L: I think one reason why voice seems to be a medium that reaches people quickly and directly is just simply because that is just how we communicate with each other.
J: I think the voice as a sound generator is really a complicated tool even though it is the most common source of communication and sound.
L: If you use words, people will interpret what you are saying and then it automatically becomes a cognitive process. Words can be extremely powerful, but it is extremely difficult to do well.
H: Are you using words in your performance?
L: I am, my character talks the whole time, but they don’t really make sense, so there is not a storyline, it is more a person, who doesn’t find their place in the world anymore and is not able to finish a thought. It is based on experiences that a friend of mine made in war, and our character is back in this reality, in this normality of the day-to-day life that we live in, and he can’t put these two worlds together anymore and he is trapped in his own prison in his mind. He wants to be able to convey the emotions but can’t. So there are words, but it is the only thing I have done with words in a long time.

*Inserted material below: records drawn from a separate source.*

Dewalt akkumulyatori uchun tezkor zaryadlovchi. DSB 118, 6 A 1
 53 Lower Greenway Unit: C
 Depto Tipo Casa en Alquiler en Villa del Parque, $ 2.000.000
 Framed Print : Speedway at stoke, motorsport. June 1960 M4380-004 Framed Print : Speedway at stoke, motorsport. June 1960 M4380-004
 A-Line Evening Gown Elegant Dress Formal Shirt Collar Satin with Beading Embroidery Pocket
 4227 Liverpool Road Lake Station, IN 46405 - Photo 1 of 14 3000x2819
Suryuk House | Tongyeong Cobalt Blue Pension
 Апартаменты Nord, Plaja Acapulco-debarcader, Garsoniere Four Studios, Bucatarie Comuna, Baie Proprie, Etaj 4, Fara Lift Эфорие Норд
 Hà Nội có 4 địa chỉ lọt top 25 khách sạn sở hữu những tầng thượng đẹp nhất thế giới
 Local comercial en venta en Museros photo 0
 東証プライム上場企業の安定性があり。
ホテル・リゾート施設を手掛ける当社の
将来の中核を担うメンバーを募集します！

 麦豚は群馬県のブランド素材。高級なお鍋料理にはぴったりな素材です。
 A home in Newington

Jiyun Park | Foto: S. Ruppiger
H: Jiyun can you tell us a bit more about what you will be performing with Elisa and how you started working together?
J: We started out of curiosity, what happens if I amplify her voice and how we can connect it with the concept of space. We are figuring out her body, and together we trained how we can use voice, this is also something Elisa is constantly working on.
H: So she becomes your instrument, with a microphone attached to her neck and you feed the sound through your electronics and then on the PA?
J: Yes, but at the same time she also has a transducer attached to her body. Our starting point is using feedback on her body. Really using her body as a material. As I did with my instruments we work with piezo and transducer, she can feel her voice vibration on herself and with that she is singing or screaming again. So it could work without the PA but the volume way is not balanced. Her body is beautiful and wonderful but it is not good for activating, only she can feel that, but we won’t be able to listen to it. She has too many organs to be a resonator. So that is the main reason why we use a PA.
H: So your project was driven by experimentation and improvisation rather than build on concept right?
J: Yes, we are still discussing our project. I think Elisa has a different approach towards it than I have. I really see her as an instrument. Last time during rehearsal, we were so obsessed with each other, because I need to be careful with her and she also needs to see when I make a change. So we really need to communicate and I am always trying to focus on what is going on with the other person.
L: It seems like you are an operator. I think it is a really interesting approach to put a human being in the center of a feedback. Usually you would use an inanimate object but if it is an actual body, it will affect the loop in a very different way. I never thought of that. Maybe a feedback loop in itself has a sort of life to it. It has its own circle. But it being an actual living matter – that is wonderfully weird. It has a bit of a cyborg feel.
H: What I find so interesting about your approach is the simultaneity of power and empathy.
J: We did not start out with that in mind, but I have been thinking about that a lot lately. And she also has to allow me to control her, but she also has the power to make it end. I didn’t start working with feedback from a conceptual perspective, but now I see feedback more as a metaphor.